2. Liberi e Svizzeri

Meine Damen und Herren, uns allen sind die Ereignisse vom 15. Februar 1798 bekannt. Als zwischen 5 und 6 Uhr früh die Cisalpiner von Campione herkommend in der Nähe der Cassarate-Mündung anlegten und kurz darauf durch die Porta S. Rocco in Lugano eindrangen, läuteten die Stadtglocken Sturm und schreckten die Bürger aus den Betten. Trotz der heftigen Gegenwehr des Freiwilligencorps stiessen die Eindringlinge innert Kürze zum Grande Albergo (später Albergo Svizzero) vor, dem Sitz der schweizerischen Vertreter Stockmann und de Buman. Doch kurz darauf wurden sie von der inzwischen aufgewachten Bevölkerung überrascht. Sie mussten die Waffen strecken, und man liess sie erst wieder ziehen, als sie ihre Gefangenen freigelassen hatten. Die Bevölkerung wurde durch dieses Ereignis unvermittelt aufgerüttelt. Eine grosse Menschenmenge versammelte sich vor dem "Albergo", und die Untertanenschaft wurde für beendet erklärt.

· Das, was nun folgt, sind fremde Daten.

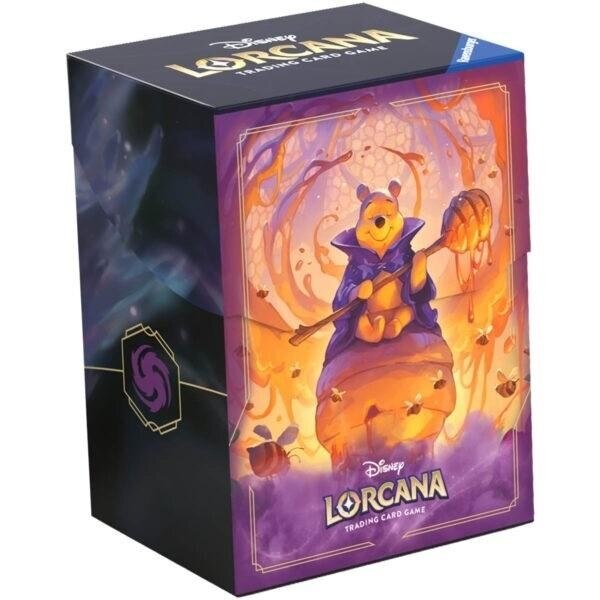 Cutie de carti Disney Lorcana (Set06) Kubus Puchatek, Ravensburger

Was sich an jenem Februarnachmittag in Lugano ereignete, ist hinreichend bekannt und auch hervorragend illustriert in der Ausstellung, die wir heute Nachmittag eröffnet haben. Die Advokaten Pellegrini und Stoppani drangen in das „Albergo„ ein, um für die Schweizer, wie sie sie nannten, Freiheit zu fordern. Und kurz darauf schilderte der provisorische Rat von Lugano den eidgenössischen Ständen die Ereignisse dieses Tages mit folgenden emotionsgeladenen Worten: „Voller Zuversicht eilt das erregte Volk zu den Herren Vertretern, bittet sie, der Freiheitserklärung zuzustimmen, bekommt die Zustimmung und verkündet die Freiheit„.

Auch wenn, wie sich zeigen sollte, in der Bevölkerung noch alles andere als Einstimmigkeit herrschte und sich die Vertreter der Eidgenossenschaft nicht einig waren, wie sie auf diese neue Bewegung reagieren sollten, wurde eines rasch klar: Was in diesen Tagen in Lugano passiert war, löste eine unaufhaltsame Befreiungsbewegung aus, die das ganze Land erfasste.

Die Bewegung, die zur Unabhängigkeit und zur Gleichstellung des Tessins mit allen anderen Kantonen der Schweiz führte, ging also von hier, von der Stadt Lugano aus. In Lugano wurde die drei Jahrhunderte andauernde Herrschaft der Landvögte beendigt. Hier wurde aber auch der Grundstein gelegt für den Kanton Tessin als Teil unserer schweizerischen Heimat und für die Zusammenarbeit, die einige Jahre später zur Schaffung unseres Kantons führte, so wie wir ihn heute kennen.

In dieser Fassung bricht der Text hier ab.